Doch da immer ein Satz sowie sein Gegenteil wahr ist wollen wir auch die größtmögliche Nähe zu allen Dingen und Personen erreichen! Unabsichtliche Fragmente bergen ein Versprechen in sich; ihre Qualität spielt dabei eine untergeordnete Rolle! Allein ihr unfertiger vorläufiger Charakter lässt erkennen: Hier hat der Künstler noch keinen Schleier der Perfektion über seine Arbeit gelegt! Hier war er ganz bei sich selbst und fühlte sich unbeobachtet! Hier bekommen wir ihn endlich in seiner innersten Essenz zu fassen – direkt und authentisch sowie direkt authentisch! Roh! Hier lassen die sonst so Unnahbaren – Ikonen – ihre Hosen herunterlassen und gewähren uns Einblick in ihre geheimsten Geheimnisse! An genau diesem Punkt starb die Autorin/der Autor; dies war das letzte Wort! Doch so wie der „wahre Künstler“ angeblich zwischen Genie und Wahnsinn balanciert so ist auch die Kehrseite des gescheiterten Kunstwerks alles andere als intim oder innig! Unfreiwillige Fragmente können nicht nur von tragischen Schicksalen zeugen sondern auch von schlichter Überheblichkeit! Mit Schrecken aber auch oft mit wohligem Schauer stehen wir dann vor den gewaltigen Ruinen des Größenwahns – Denkmälern oder Kathedralen –, welche weltliche sowie geistige Größe in Stein oder Stahl übersetzen sollten – sich jedoch in ihren Trümmern als Nachbau des Turms von Babel entpuppen! Anders als beim absichtlichen Fragment der Romantiker liegt das Heil des unabsichtlichen Fragments nicht in einem transzendenten Darüber sondern vielmehr in einem Dahinter! Ein Dahinter das sowohl vom Willen zur totalen Vollständigkeit als auch von der Angst davor zeugt weil es doch ein Ende bedeuten würde!
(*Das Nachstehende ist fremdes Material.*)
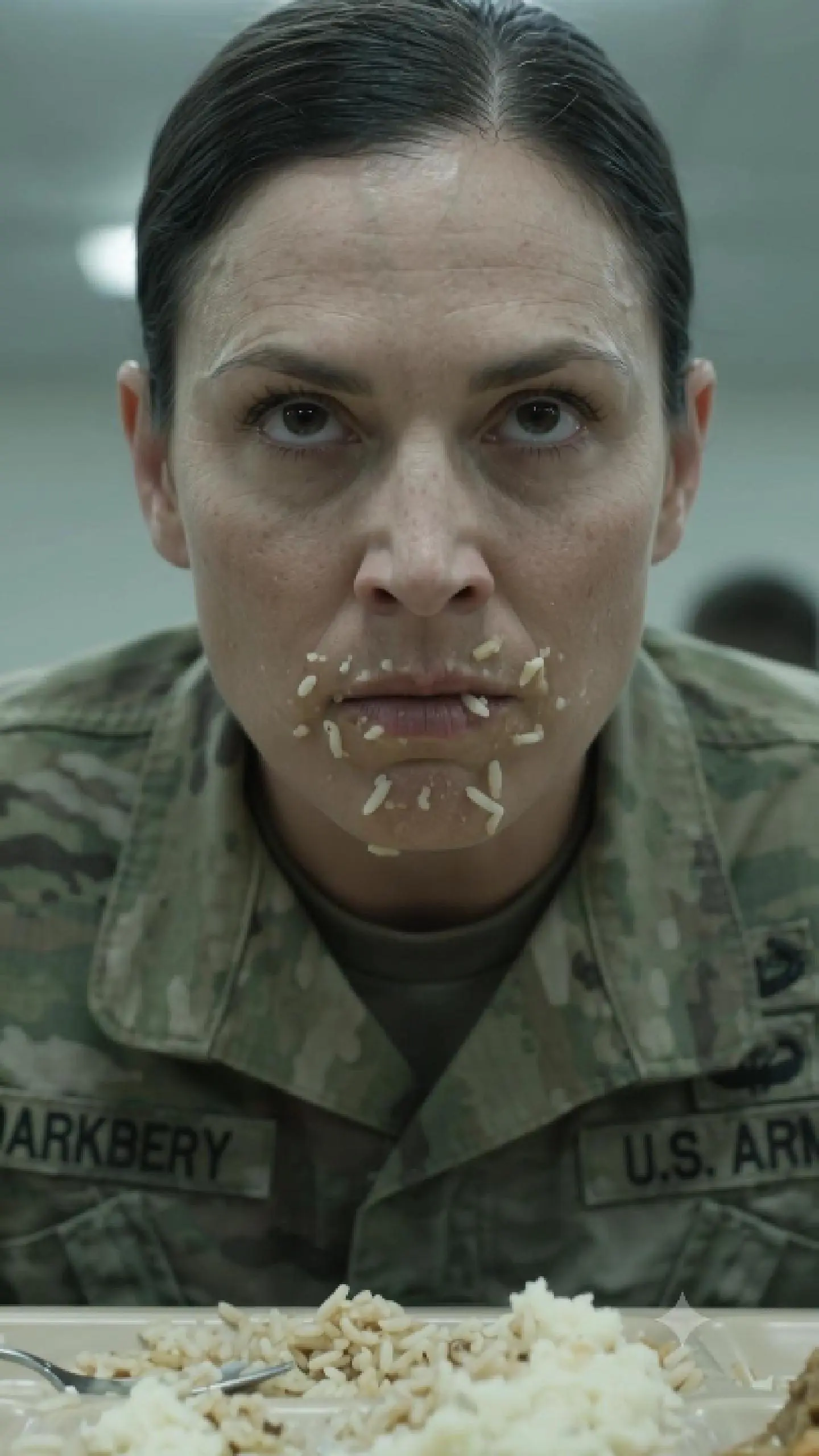 The Major Humiliated a Quiet Female Soldier in Front of Everyone—Never Knowing She Was an Undercover Colonel About to Expose the Entire Base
Daher muss es immer noch ein weiteres Dahinter geben; eine weitere Skizze oder ein weiteres Fragment welches eine neue Facette vermeintlich Bekannten eröffnet! Denn ist nicht die Anzahl an Skizzen Entwürfen Plänen oder Fragmenten potenziell endlos im Vergleich zur Anzahl vollendeter Kunstwerke? Es besteht immer Hoffnung auf Zufallsfunde auf verstaubten Dachböden oder unaufgeräumten Kellern! Doch hinter diesem Wunsch nach Sensation sowie direktem Zugang zu Unnahbarem steckt möglicherweise unser größter Wunsch: Nichts darf enden! Alles soll fortbestehen! Kein Werk darf abgeschlossen werden! Vollendung bedeutet Tod – und Tod ist eine Zumutung! Hiermit sprechen wir entschieden gegen jenes Satzzeichen auf welches alles zwangsläufig zuläuft: den Punkt! Den wollen wir nicht haben! Punkt! Und dennoch befinden wir uns auf der sicheren Seite denn wir wissen: Wo ein Werk endet sowie wo Wirklichkeit endet beginnt unsere Phantasie sowie unser Mythos! Der Möglichkeitsraum gehört dem Unfertigen; das Träumen lassen wir uns nicht nehmen; unsere Träumer nehmen wir uns nicht weg!”